# Activity
The required result is an exact copy of every line from the one with "Viral, Konten TikTok" through the last line below, with the pictures left out.

*** Available data Section Begins ***

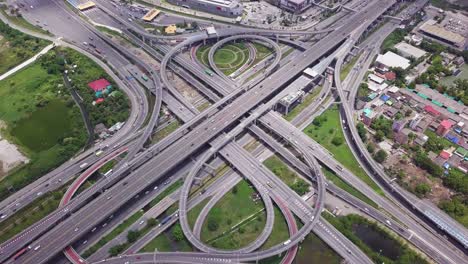4k imágenes de drones vista superior de los cruces de carreteras de la autopista. el cruce de la carretera de la autopisa sobrepasa la carretera de anillo exterior oriental de bangkok, tailandia.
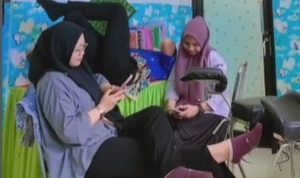 Viral, Konten TikTok Nakes Puskesmas Lambunu 2 Dihujat Netizen Tangkapan layar video viral nakes Puskesmas Lambunu 2.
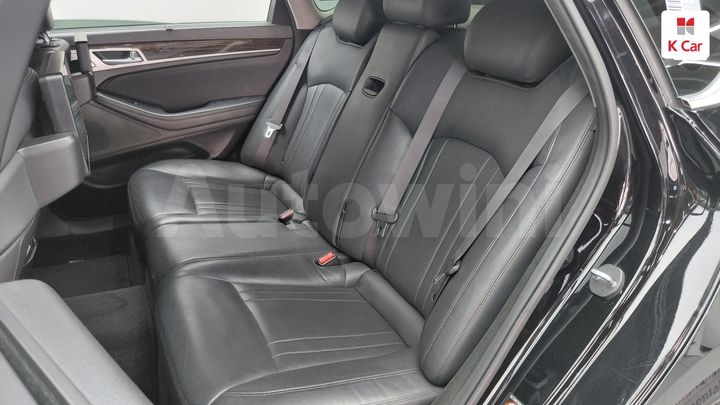 Genesis G80 2017 KMHGM41DDHU228169 — 4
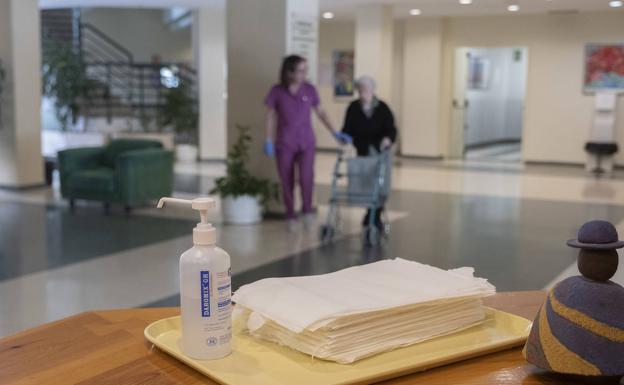 Familia limita las medidas en las residencias por el coronavirus a información e higiene en la región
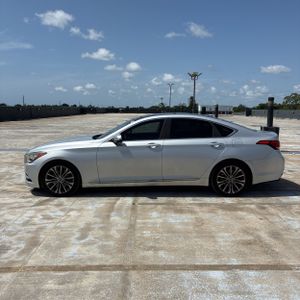 2015 Hyundai GENESIS 3.8L — фото 3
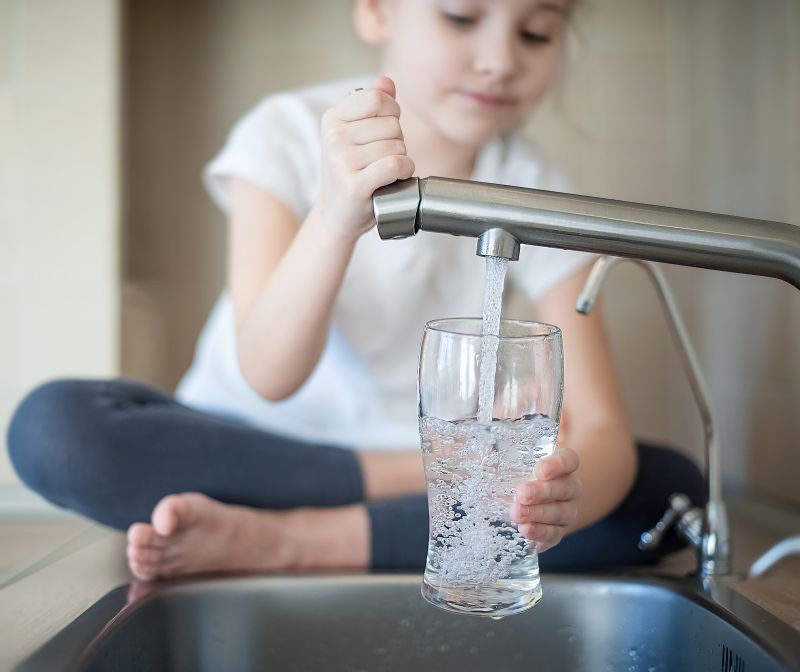 Coronavirus : boire l’eau du robinet c’est préserver sa santé et son porte-monnaie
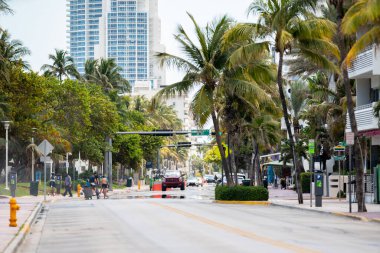 Miami Plajı Okyanus Yolu Coronavirus Covid 19 'un yayılmasını engellemek için zorunlu otel ve bar kilitlenmesi sırasında ıssız.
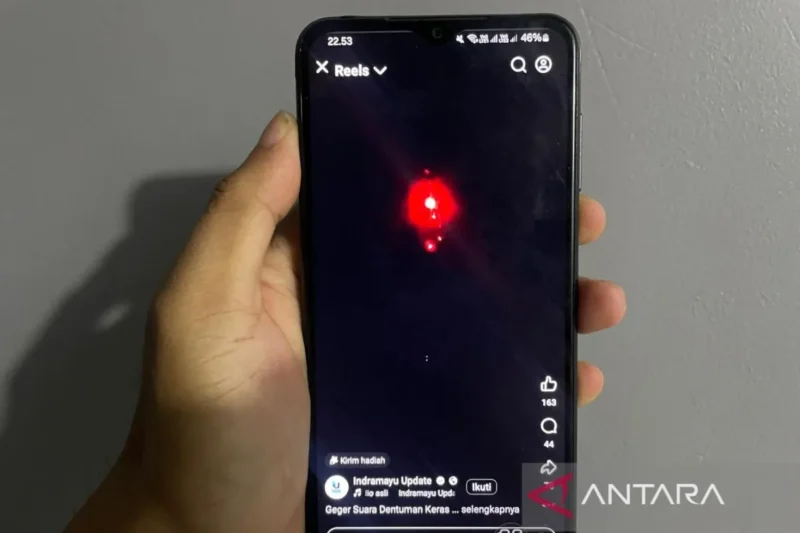 Warga menunjukkan cuplikan video viral terkait fenomena suara dentuman keras disertai kemunculan bola api di langit Cirebon, Jawa Barat, Minggu (5/10/2025). ANTARA/Fathnur Rohman/am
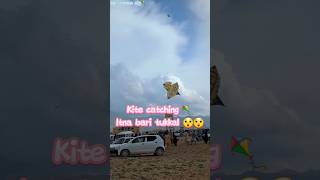 kite catching 🪁😲😲itni bari tukkal phar de 😲😂end lazmi dekhna #viralshort #kitecatching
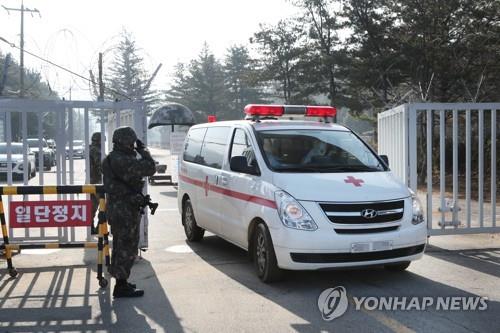 An ambulance leaves an Army boot camp in the county of Yeoncheon, Gyeonggi Province, on Nov. 26, 2020, where dozens of COVID-19 patients were reported over the past week. (Yonhap)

*** Available data Section Ends ***

# Solution to the exercise
 Viral, Konten TikTok Nakes Puskesmas Lambunu 2 Dihujat Netizen Tangkapan layar video viral nakes Puskesmas Lambunu 2.
 Genesis G80 2017 KMHGM41DDHU228169 — 4
 Familia limita las medidas en las residencias por el coronavirus a información e higiene en la región
 2015 Hyundai GENESIS 3.8L — фото 3
 Coronavirus : boire l’eau du robinet c’est préserver sa santé et son porte-monnaie
 Miami Plajı Okyanus Yolu Coronavirus Covid 19 'un yayılmasını engellemek için zorunlu otel ve bar kilitlenmesi sırasında ıssız.
 Warga menunjukkan cuplikan video viral terkait fenomena suara dentuman keras disertai kemunculan bola api di langit Cirebon, Jawa Barat, Minggu (5/10/2025). ANTARA/Fathnur Rohman/am
 kite catching 🪁😲😲itni bari tukkal phar de 😲😂end lazmi dekhna #viralshort #kitecatching
 An ambulance leaves an Army boot camp in the county of Yeoncheon, Gyeonggi Province, on Nov. 26, 2020, where dozens of COVID-19 patients were reported over the past week. (Yonhap)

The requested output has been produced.